Peut-être que je fais comme ces écureuils qui mettent de côté dans une cachette leur provision de noisettes pour l’hiver ? J’amasse -on ne sait jamais- de petites perles de culture, de social, d’humain, d’esthétique, en attendant le deuxième déclic, moins spontané celui-là, qui viendra quand j’aurai ruminé suffisamment dans ma tête et évacué mes sujets et préoccupations du moment, mes interrogations, les doutes qui me taraudent et me tiennent prisonnier, je n’ai d’autre solution que de m’acharner pour trouver ce qui manque et m’exposerait aux critiques, détail ou pierre angulaire, ce qui ne va pas et détruirait tout, ce dont je ne suis pas satisfait (et je ne le suis pas souvent) et dont j’aurais honte.
Quand c’est fini, j’ai libéré un peu de place en moi pour passer à autre chose et aborder enfin un sujet neuf.
Peut-être aussi que, comme tout artisan ou artiste, quel que soit la valeur de son œuvre, je dois continuer de m’exercer sans relâche, j’ai besoin -c’est une addiction- de faire mes gammes comme un pianiste afin d’entretenir le feu, l’acuité du regard et une pratique, une expérience qui me permettent de saisir quand il le faut des scènes fugitives sur le vif qui sans cela m’échapperaient.

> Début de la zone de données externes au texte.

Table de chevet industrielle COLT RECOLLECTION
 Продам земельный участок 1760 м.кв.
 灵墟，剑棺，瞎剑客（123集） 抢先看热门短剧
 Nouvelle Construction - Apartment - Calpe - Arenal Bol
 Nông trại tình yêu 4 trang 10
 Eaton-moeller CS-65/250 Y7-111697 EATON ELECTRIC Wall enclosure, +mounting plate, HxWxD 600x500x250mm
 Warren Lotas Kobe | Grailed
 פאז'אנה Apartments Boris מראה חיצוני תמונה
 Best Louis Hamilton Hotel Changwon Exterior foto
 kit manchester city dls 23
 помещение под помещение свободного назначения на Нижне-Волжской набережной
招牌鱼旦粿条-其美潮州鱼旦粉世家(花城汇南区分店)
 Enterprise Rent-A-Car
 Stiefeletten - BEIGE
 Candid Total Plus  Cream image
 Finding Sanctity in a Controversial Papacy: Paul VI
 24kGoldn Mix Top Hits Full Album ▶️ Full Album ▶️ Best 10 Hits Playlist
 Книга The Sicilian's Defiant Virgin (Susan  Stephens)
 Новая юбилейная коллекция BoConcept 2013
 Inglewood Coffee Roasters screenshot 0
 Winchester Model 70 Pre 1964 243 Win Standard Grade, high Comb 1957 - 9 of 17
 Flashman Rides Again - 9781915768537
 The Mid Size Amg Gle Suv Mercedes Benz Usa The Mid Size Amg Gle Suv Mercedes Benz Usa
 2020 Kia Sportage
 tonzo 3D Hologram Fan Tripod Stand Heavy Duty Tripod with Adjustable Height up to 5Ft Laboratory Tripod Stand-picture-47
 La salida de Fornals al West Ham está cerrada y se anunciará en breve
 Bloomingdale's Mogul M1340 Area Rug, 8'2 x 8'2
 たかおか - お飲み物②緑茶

J’ai en partie bâti cette rubrique autour des quatre saisons qui correspondent aussi aux âges de la vie, vous en été moi en hiver comme dit la chanson, parce que ce découpage me permet de penser à Haydn et Vivaldi, à d’autres aussi, à tous ceux dont la musique m’accompagne sans que j’aie besoin de l’écouter, qui me soutiennent peut-être en silence dans mon entreprise, surtout quand je perds pied devant la montagne dont je n’atteindrai jamais le sommet.
Et je pense à tous ceux que je connais ou non et pour qui je ne laisse pas tomber. Même s’ils n’en sauront jamais rien.